Abruptly, at the edge of Guinevere’s reality radius, where the green and the burning desolation of a full glass furnace across paths, angry red lines spread. Like cracks in beautiful art.
Guinevere’s fist smashed into the ground, shaking the world.
But Green Towassa had already claimed a Fafnir in this war. Long red tendrils extended from the ground, burning forth. They screamed with tooth mouths, and drooled poison. The street buckled as she punched, again, again, again.
Then the bulk of Gunze emerged from the ground and roared like the death of ages.
“This,” Excelsior said. “This is why Fafnir missions are always done with two or more Fafnir.”

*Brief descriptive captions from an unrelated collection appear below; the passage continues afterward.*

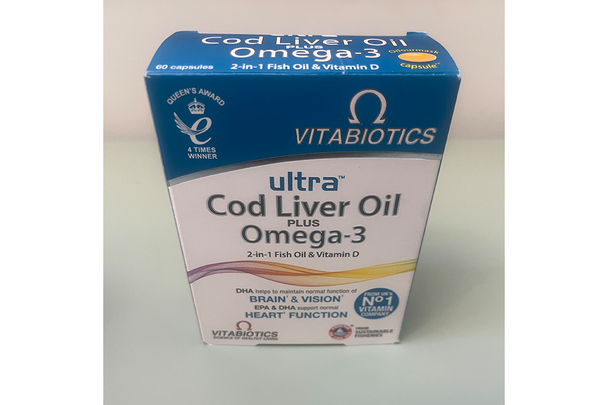 Best cod liver oil IndyBest review Vitabiotics cod liver oil plus omega-3 ultra 2-in-1 fish oil and vitamin D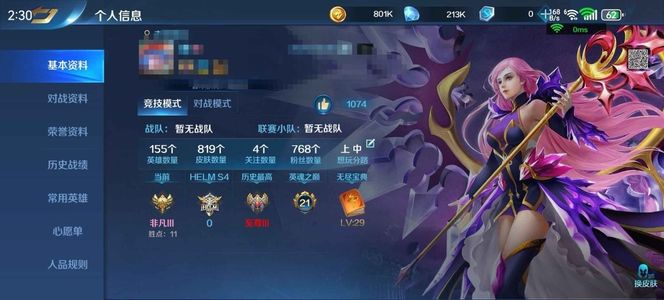 英魂之刃【83级】v10，819皮肤基本全皮了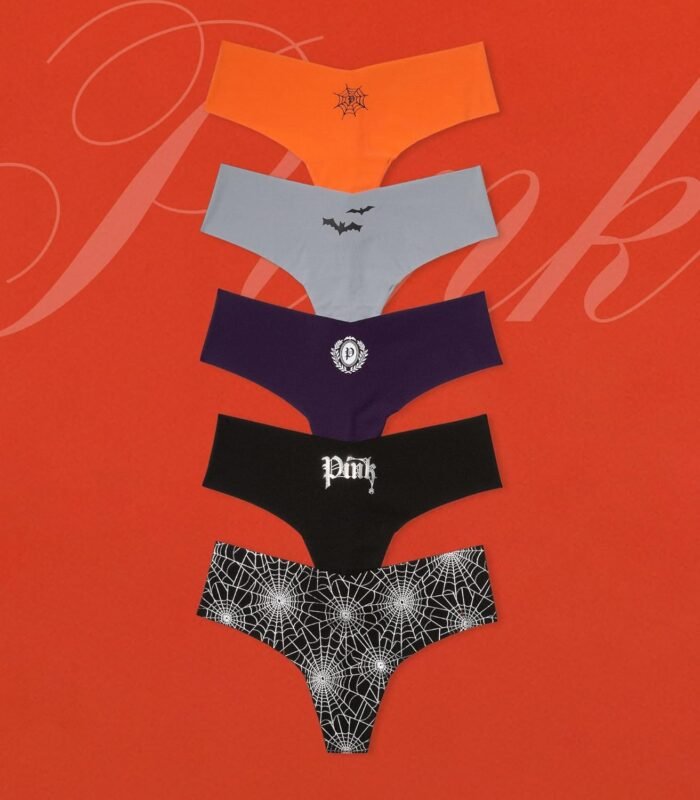 Victoria's Secret PINK Women's No Show Thong Underwear, Panties for Women, Multi Pack (XS-XXL) - Image 3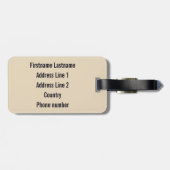 ヴィンテージ「ブルックフィールド動物園」の荷札 ラゲッジタグ (裏面横)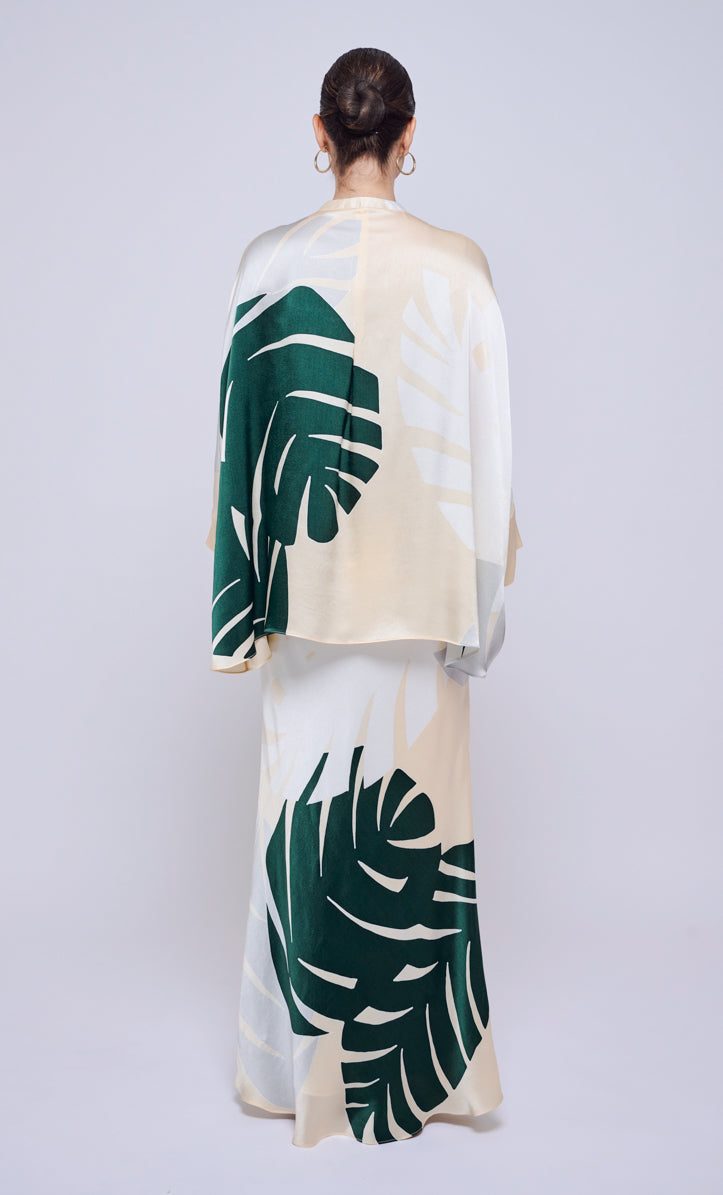 Alia Short Set - Aracea Cream Satin Silk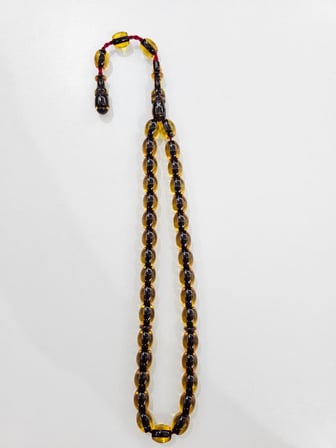 Muhammed Azazi Usta İşçilikli Sıkma Kehribar Fıçı Kesim (9 x 11 mm)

Reality screeched as it tried to decide between Gunze and the glass beast. One path bore nothing but desolation and anarchic energies; the voice of a people who had long decided to go ungoverned and free, to embrace survival and none of the niceties of the modern era. The other the voice of the angry earth, survive, thrive, devour.
A gleaming red sun warred in the heavens against the verdant forest of mouths and deals, and the world rang like a damn bell.
Fafnir couldn’t die in these worlds.
But they could be corrupted.
The monster once known as Gunze stood as a final watchdog of Green Towassa. I could hear the Renegades screaming from the inside.